Assigned task:
Your task is to copy all of the data exactly.

Excerpted records:
------------------------------------------------------------------------

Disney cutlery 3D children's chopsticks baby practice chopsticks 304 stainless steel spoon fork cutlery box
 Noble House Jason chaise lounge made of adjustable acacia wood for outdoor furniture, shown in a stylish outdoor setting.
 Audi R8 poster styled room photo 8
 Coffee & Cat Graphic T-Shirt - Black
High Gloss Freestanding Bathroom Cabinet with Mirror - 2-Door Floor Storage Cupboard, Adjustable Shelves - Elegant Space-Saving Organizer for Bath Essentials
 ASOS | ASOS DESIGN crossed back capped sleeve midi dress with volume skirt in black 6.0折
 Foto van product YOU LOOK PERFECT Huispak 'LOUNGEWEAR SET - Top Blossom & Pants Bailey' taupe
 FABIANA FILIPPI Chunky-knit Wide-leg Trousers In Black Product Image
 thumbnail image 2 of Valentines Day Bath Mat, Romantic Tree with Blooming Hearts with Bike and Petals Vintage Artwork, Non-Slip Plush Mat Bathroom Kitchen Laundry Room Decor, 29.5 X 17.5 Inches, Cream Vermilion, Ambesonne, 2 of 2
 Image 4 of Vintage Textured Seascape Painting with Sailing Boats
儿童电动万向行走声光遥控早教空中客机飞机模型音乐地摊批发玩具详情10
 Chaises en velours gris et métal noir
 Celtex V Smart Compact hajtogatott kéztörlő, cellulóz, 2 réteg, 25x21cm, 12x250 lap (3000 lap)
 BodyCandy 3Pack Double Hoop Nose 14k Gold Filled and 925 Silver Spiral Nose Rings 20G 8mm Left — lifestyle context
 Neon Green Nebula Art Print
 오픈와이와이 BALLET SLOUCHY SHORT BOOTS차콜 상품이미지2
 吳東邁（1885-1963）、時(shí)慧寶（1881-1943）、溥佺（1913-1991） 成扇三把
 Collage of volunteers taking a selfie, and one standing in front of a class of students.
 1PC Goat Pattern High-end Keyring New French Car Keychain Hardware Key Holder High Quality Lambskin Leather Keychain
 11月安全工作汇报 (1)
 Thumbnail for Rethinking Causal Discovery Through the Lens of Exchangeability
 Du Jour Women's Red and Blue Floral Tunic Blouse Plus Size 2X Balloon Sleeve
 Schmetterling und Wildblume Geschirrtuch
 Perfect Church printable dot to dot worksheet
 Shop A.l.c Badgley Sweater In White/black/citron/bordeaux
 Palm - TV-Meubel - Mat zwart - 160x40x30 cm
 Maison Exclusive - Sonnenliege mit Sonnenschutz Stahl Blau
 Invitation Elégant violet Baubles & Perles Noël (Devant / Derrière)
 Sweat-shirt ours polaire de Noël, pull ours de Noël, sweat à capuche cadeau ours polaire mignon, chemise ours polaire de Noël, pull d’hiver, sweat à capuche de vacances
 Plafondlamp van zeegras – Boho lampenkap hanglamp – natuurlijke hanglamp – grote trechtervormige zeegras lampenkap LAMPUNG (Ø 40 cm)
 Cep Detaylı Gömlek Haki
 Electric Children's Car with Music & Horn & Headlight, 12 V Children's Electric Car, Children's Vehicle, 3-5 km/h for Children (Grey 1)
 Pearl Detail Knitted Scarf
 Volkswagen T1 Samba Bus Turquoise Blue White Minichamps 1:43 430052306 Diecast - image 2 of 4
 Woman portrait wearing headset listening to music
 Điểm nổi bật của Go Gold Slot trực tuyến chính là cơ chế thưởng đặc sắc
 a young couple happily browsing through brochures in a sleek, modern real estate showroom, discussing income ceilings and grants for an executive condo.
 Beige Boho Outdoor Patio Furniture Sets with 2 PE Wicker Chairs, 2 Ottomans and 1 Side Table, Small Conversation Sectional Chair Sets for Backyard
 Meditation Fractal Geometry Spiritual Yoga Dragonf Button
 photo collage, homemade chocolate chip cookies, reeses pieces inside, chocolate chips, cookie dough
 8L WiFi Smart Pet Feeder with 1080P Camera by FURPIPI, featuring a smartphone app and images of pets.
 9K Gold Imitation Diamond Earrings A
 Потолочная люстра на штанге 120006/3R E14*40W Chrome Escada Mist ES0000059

------------------------------------------------------------------------

Response:
Disney cutlery 3D children's chopsticks baby practice chopsticks 304 stainless steel spoon fork cutlery box
 Noble House Jason chaise lounge made of adjustable acacia wood for outdoor furniture, shown in a stylish outdoor setting.
 Audi R8 poster styled room photo 8
 Coffee & Cat Graphic T-Shirt - Black
High Gloss Freestanding Bathroom Cabinet with Mirror - 2-Door Floor Storage Cupboard, Adjustable Shelves - Elegant Space-Saving Organizer for Bath Essentials
 ASOS | ASOS DESIGN crossed back capped sleeve midi dress with volume skirt in black 6.0折
 Foto van product YOU LOOK PERFECT Huispak 'LOUNGEWEAR SET - Top Blossom & Pants Bailey' taupe
 FABIANA FILIPPI Chunky-knit Wide-leg Trousers In Black Product Image
 thumbnail image 2 of Valentines Day Bath Mat, Romantic Tree with Blooming Hearts with Bike and Petals Vintage Artwork, Non-Slip Plush Mat Bathroom Kitchen Laundry Room Decor, 29.5 X 17.5 Inches, Cream Vermilion, Ambesonne, 2 of 2
 Image 4 of Vintage Textured Seascape Painting with Sailing Boats
儿童电动万向行走声光遥控早教空中客机飞机模型音乐地摊批发玩具详情10
 Chaises en velours gris et métal noir
 Celtex V Smart Compact hajtogatott kéztörlő, cellulóz, 2 réteg, 25x21cm, 12x250 lap (3000 lap)
 BodyCandy 3Pack Double Hoop Nose 14k Gold Filled and 925 Silver Spiral Nose Rings 20G 8mm Left — lifestyle context
 Neon Green Nebula Art Print
 오픈와이와이 BALLET SLOUCHY SHORT BOOTS차콜 상품이미지2
 吳東邁（1885-1963）、時(shí)慧寶（1881-1943）、溥佺（1913-1991） 成扇三把
 Collage of volunteers taking a selfie, and one standing in front of a class of students.
 1PC Goat Pattern High-end Keyring New French Car Keychain Hardware Key Holder High Quality Lambskin Leather Keychain
 11月安全工作汇报 (1)
 Thumbnail for Rethinking Causal Discovery Through the Lens of Exchangeability
 Du Jour Women's Red and Blue Floral Tunic Blouse Plus Size 2X Balloon Sleeve
 Schmetterling und Wildblume Geschirrtuch
 Perfect Church printable dot to dot worksheet
 Shop A.l.c Badgley Sweater In White/black/citron/bordeaux
 Palm - TV-Meubel - Mat zwart - 160x40x30 cm
 Maison Exclusive - Sonnenliege mit Sonnenschutz Stahl Blau
 Invitation Elégant violet Baubles & Perles Noël (Devant / Derrière)
 Sweat-shirt ours polaire de Noël, pull ours de Noël, sweat à capuche cadeau ours polaire mignon, chemise ours polaire de Noël, pull d’hiver, sweat à capuche de vacances
 Plafondlamp van zeegras – Boho lampenkap hanglamp – natuurlijke hanglamp – grote trechtervormige zeegras lampenkap LAMPUNG (Ø 40 cm)
 Cep Detaylı Gömlek Haki
 Electric Children's Car with Music & Horn & Headlight, 12 V Children's Electric Car, Children's Vehicle, 3-5 km/h for Children (Grey 1)
 Pearl Detail Knitted Scarf
 Volkswagen T1 Samba Bus Turquoise Blue White Minichamps 1:43 430052306 Diecast - image 2 of 4
 Woman portrait wearing headset listening to music
 Điểm nổi bật của Go Gold Slot trực tuyến chính là cơ chế thưởng đặc sắc
 a young couple happily browsing through brochures in a sleek, modern real estate showroom, discussing income ceilings and grants for an executive condo.
 Beige Boho Outdoor Patio Furniture Sets with 2 PE Wicker Chairs, 2 Ottomans and 1 Side Table, Small Conversation Sectional Chair Sets for Backyard
 Meditation Fractal Geometry Spiritual Yoga Dragonf Button
 photo collage, homemade chocolate chip cookies, reeses pieces inside, chocolate chips, cookie dough
 8L WiFi Smart Pet Feeder with 1080P Camera by FURPIPI, featuring a smartphone app and images of pets.
 9K Gold Imitation Diamond Earrings A
 Потолочная люстра на штанге 120006/3R E14*40W Chrome Escada Mist ES0000059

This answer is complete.